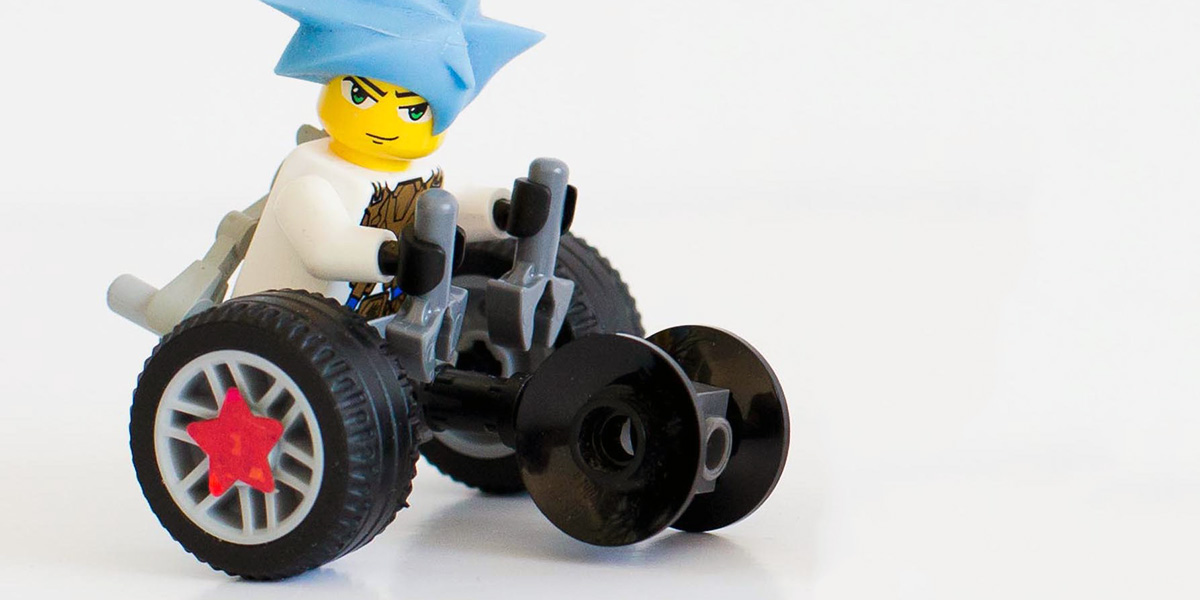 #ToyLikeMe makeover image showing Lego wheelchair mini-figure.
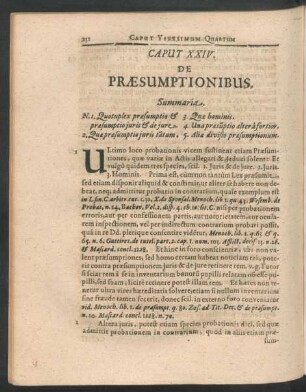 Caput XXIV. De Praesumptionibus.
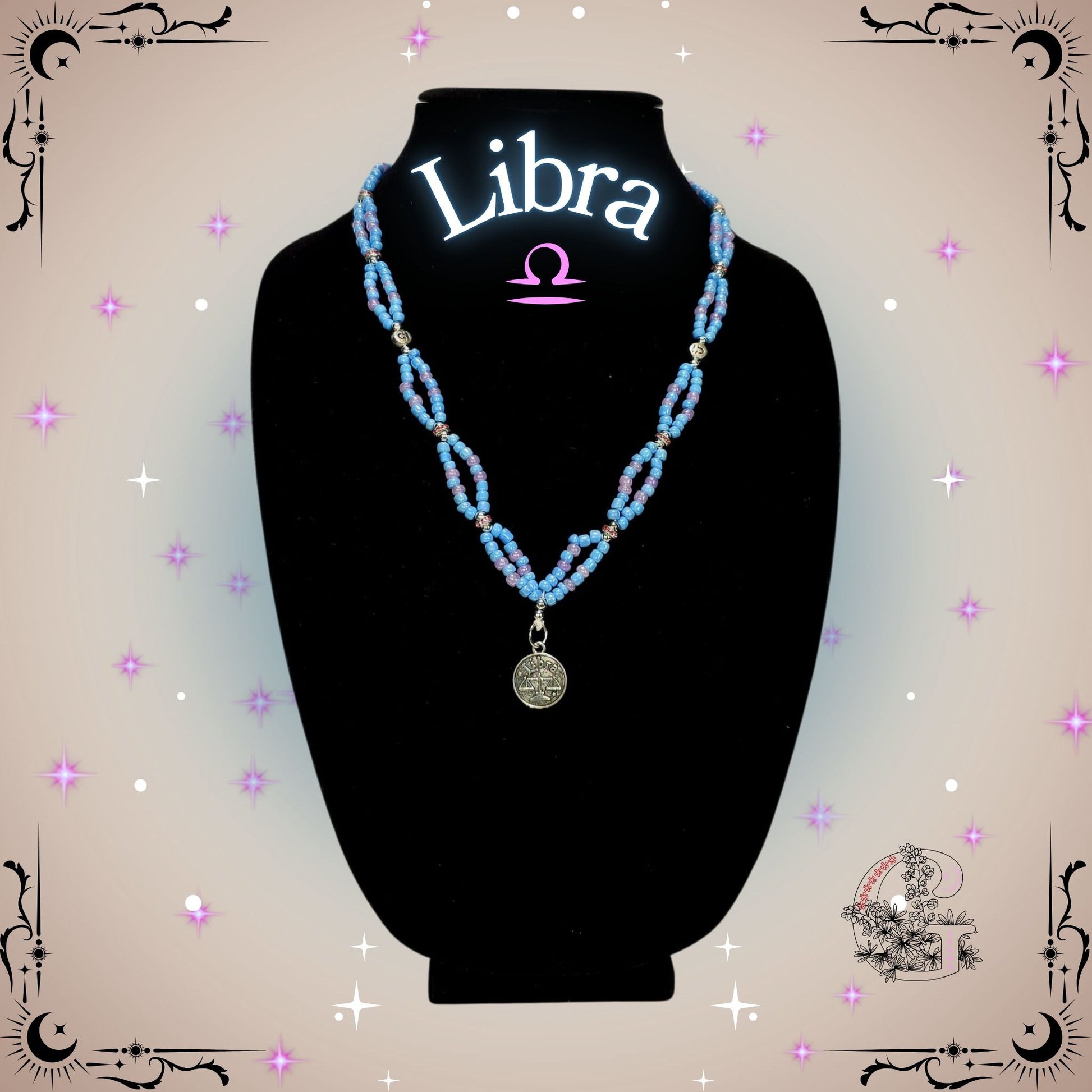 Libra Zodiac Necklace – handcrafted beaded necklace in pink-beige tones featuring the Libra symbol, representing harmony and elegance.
_ _ _ _ _
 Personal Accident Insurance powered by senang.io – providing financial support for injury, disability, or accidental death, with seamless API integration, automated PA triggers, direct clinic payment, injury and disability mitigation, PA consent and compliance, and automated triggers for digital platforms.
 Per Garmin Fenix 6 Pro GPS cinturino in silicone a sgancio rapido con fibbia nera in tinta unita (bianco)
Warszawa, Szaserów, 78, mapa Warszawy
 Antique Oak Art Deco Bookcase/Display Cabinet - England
_ _ _ _ _
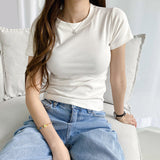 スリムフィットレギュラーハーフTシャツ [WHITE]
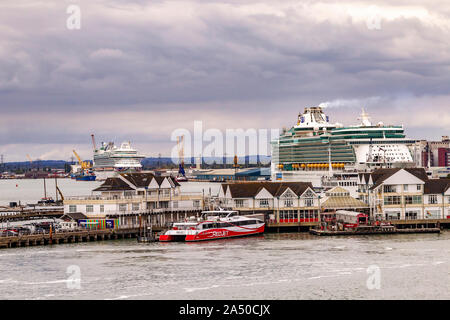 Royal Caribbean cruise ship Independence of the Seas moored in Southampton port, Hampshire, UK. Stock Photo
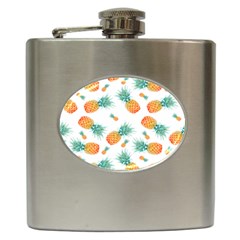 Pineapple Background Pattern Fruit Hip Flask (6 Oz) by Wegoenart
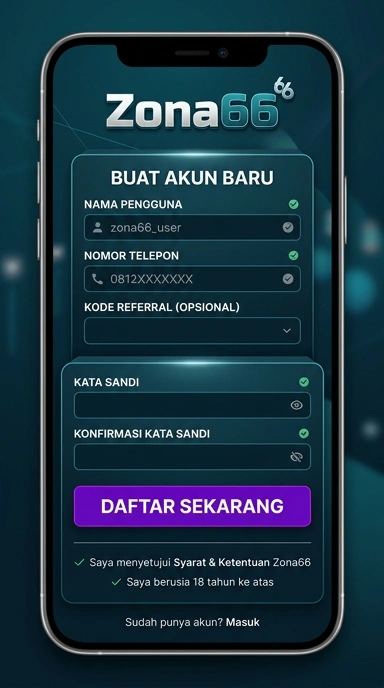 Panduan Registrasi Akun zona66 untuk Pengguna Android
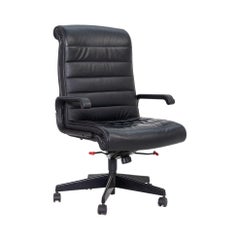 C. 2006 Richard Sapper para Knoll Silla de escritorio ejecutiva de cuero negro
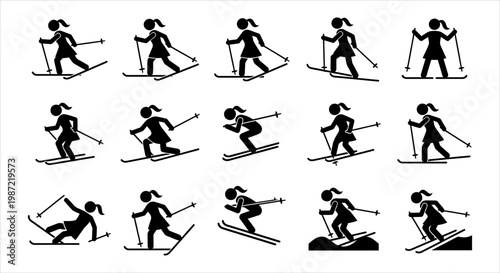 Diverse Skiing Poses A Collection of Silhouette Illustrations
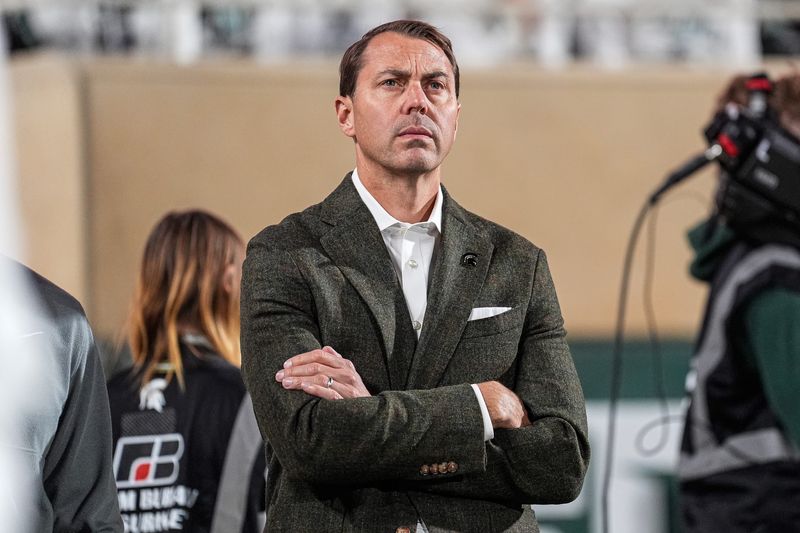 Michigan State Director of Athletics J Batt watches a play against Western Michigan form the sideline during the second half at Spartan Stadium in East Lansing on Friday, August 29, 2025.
_ _ _ _ _
● TRY IT
Using the data above, transcribe exactly the lines between those containing "C. 2006 Richard" and "Diverse Skiing Poses", inclusive, and leave every picture behind.

● PROBLEM SOLUTION
 C. 2006 Richard Sapper para Knoll Silla de escritorio ejecutiva de cuero negro
 Diverse Skiing Poses A Collection of Silhouette Illustrations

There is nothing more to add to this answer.